MATERIAL FOR THIS EXERCISE:

==================================================

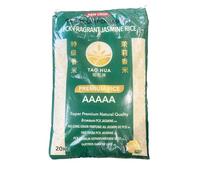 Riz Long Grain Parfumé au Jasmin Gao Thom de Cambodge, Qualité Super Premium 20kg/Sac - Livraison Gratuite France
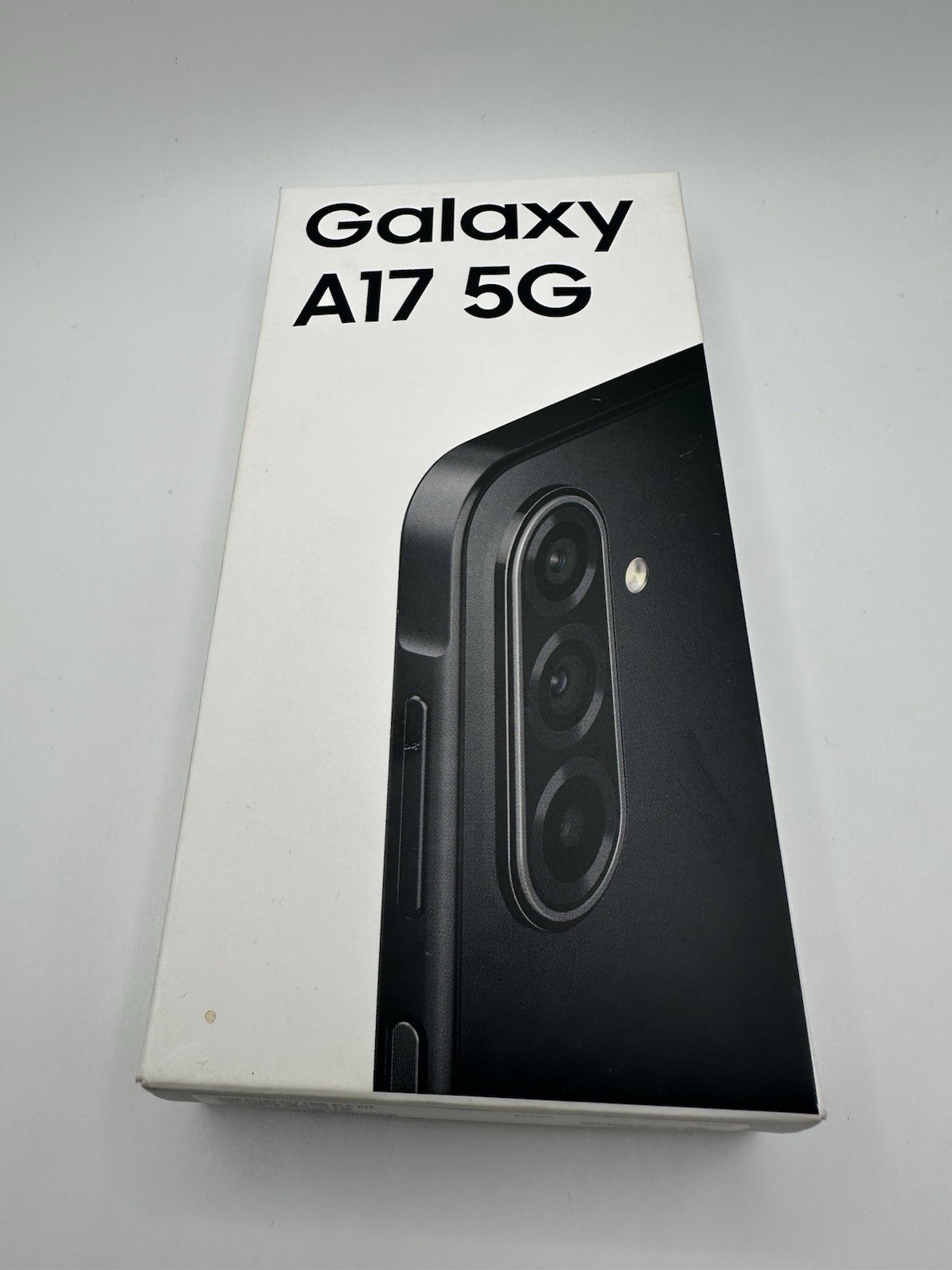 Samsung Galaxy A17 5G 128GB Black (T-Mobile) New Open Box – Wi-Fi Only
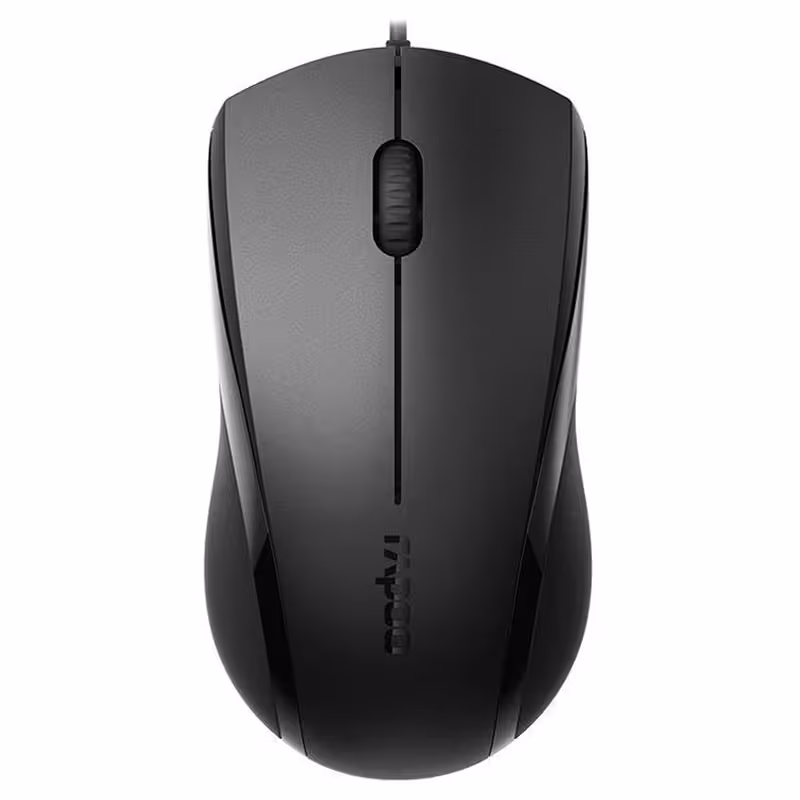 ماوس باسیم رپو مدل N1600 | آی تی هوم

==================================================

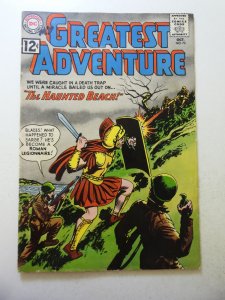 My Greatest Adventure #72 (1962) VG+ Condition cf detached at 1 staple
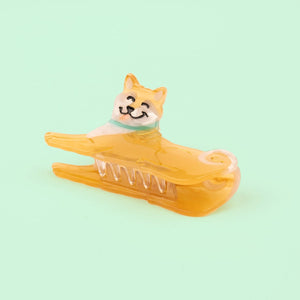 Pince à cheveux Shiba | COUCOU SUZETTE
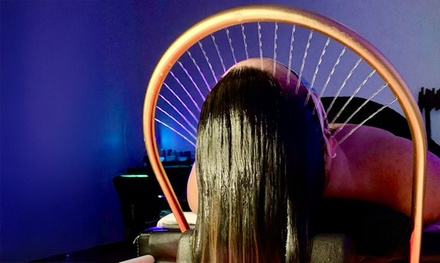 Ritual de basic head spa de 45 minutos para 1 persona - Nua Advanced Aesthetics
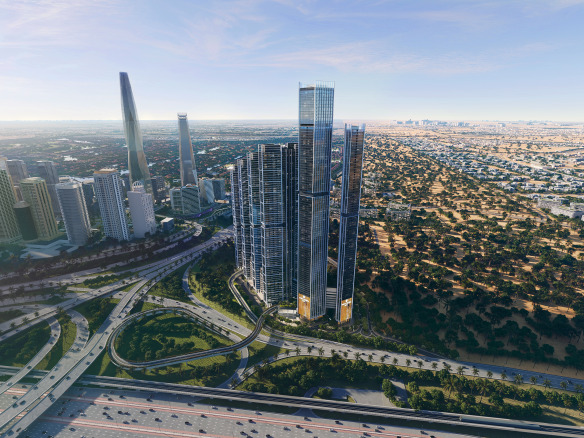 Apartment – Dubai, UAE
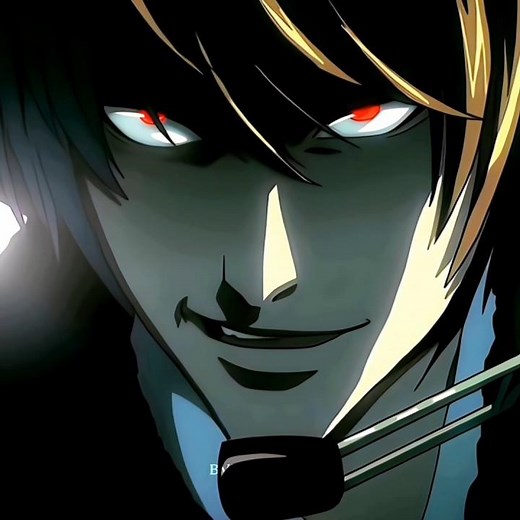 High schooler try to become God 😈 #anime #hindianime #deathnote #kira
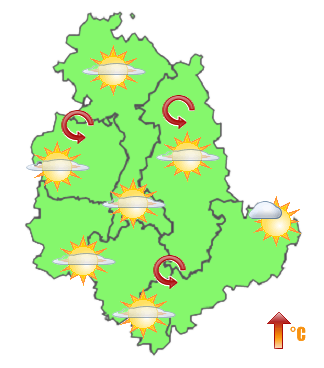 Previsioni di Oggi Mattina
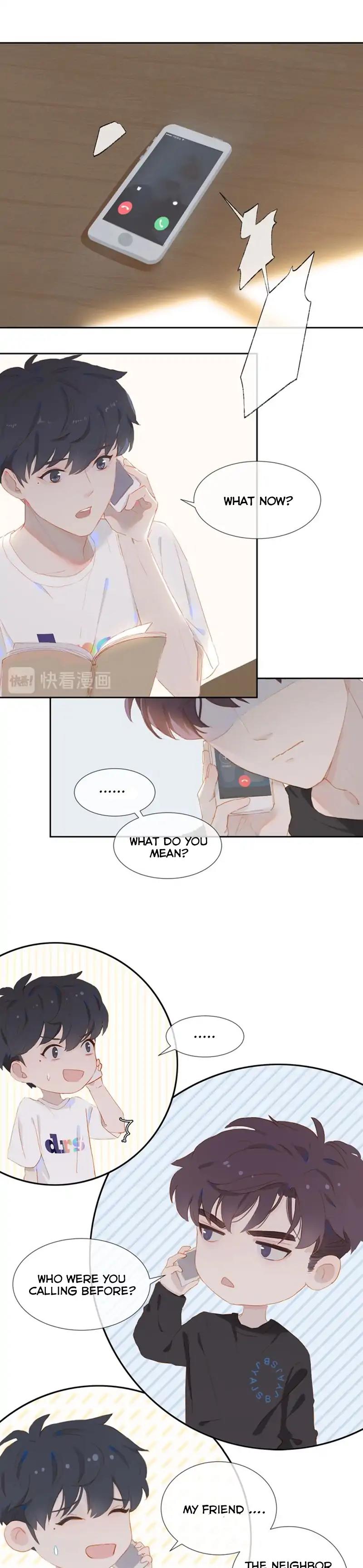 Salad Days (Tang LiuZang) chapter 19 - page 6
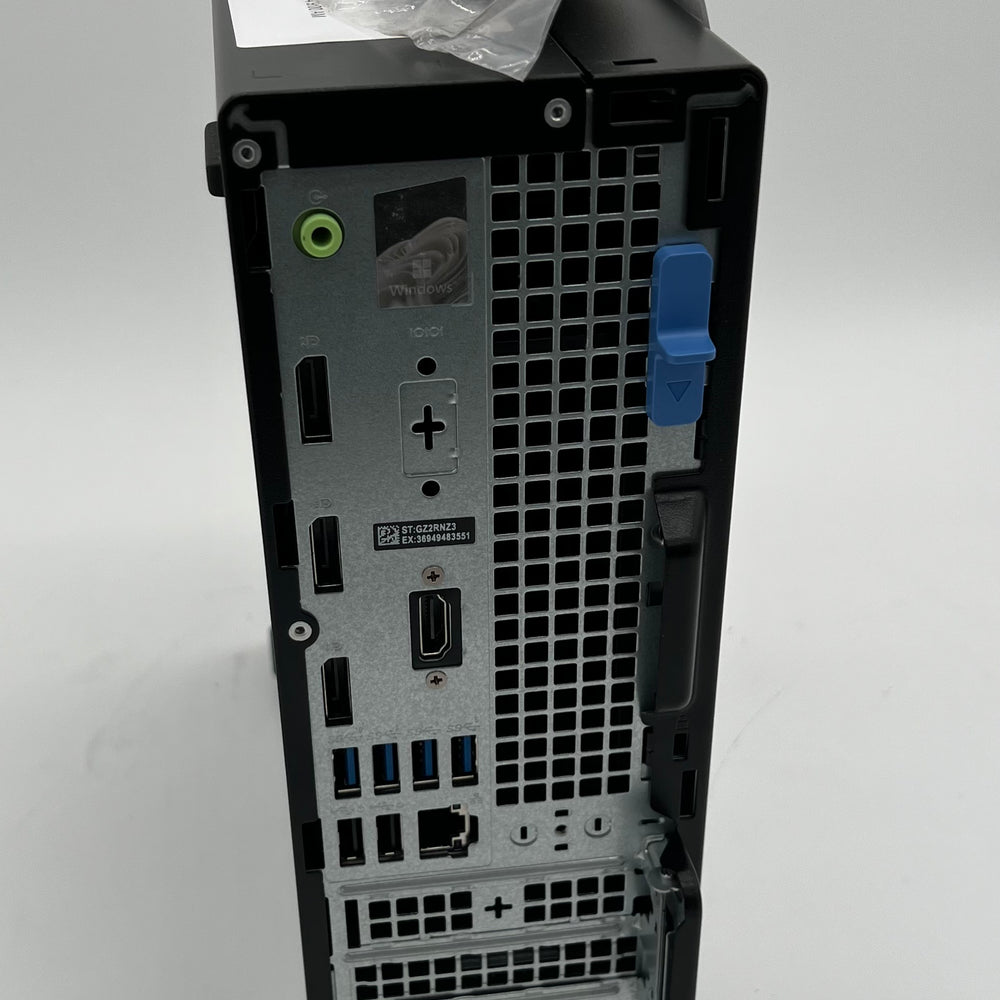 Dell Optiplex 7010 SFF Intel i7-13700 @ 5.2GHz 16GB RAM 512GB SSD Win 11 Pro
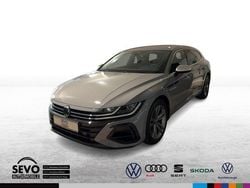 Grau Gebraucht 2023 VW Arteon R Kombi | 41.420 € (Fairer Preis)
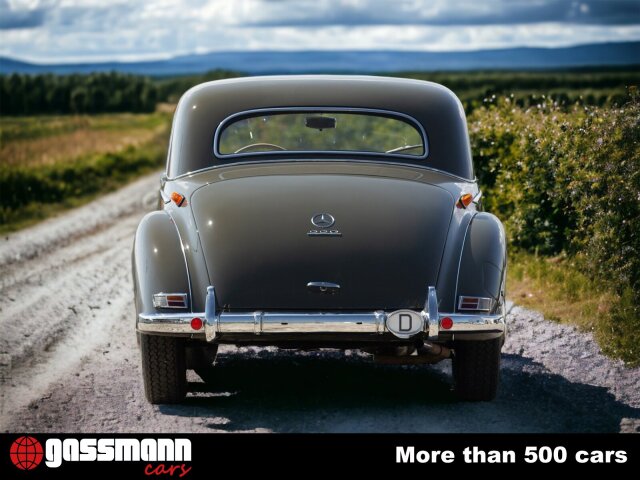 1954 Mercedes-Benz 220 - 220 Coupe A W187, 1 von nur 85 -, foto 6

==================================================

PROBLEM TO SOLVE: Everything between and including the line above containing "Previsioni di Oggi Mattina" and the line containing "1954 Mercedes-Benz 220" should be reproduced exactly, with pictures excluded.

TASK RESULT:
 Previsioni di Oggi Mattina
 Salad Days (Tang LiuZang) chapter 19 - page 6
 Dell Optiplex 7010 SFF Intel i7-13700 @ 5.2GHz 16GB RAM 512GB SSD Win 11 Pro
 Grau Gebraucht 2023 VW Arteon R Kombi | 41.420 € (Fairer Preis)
 1954 Mercedes-Benz 220 - 220 Coupe A W187, 1 von nur 85 -, foto 6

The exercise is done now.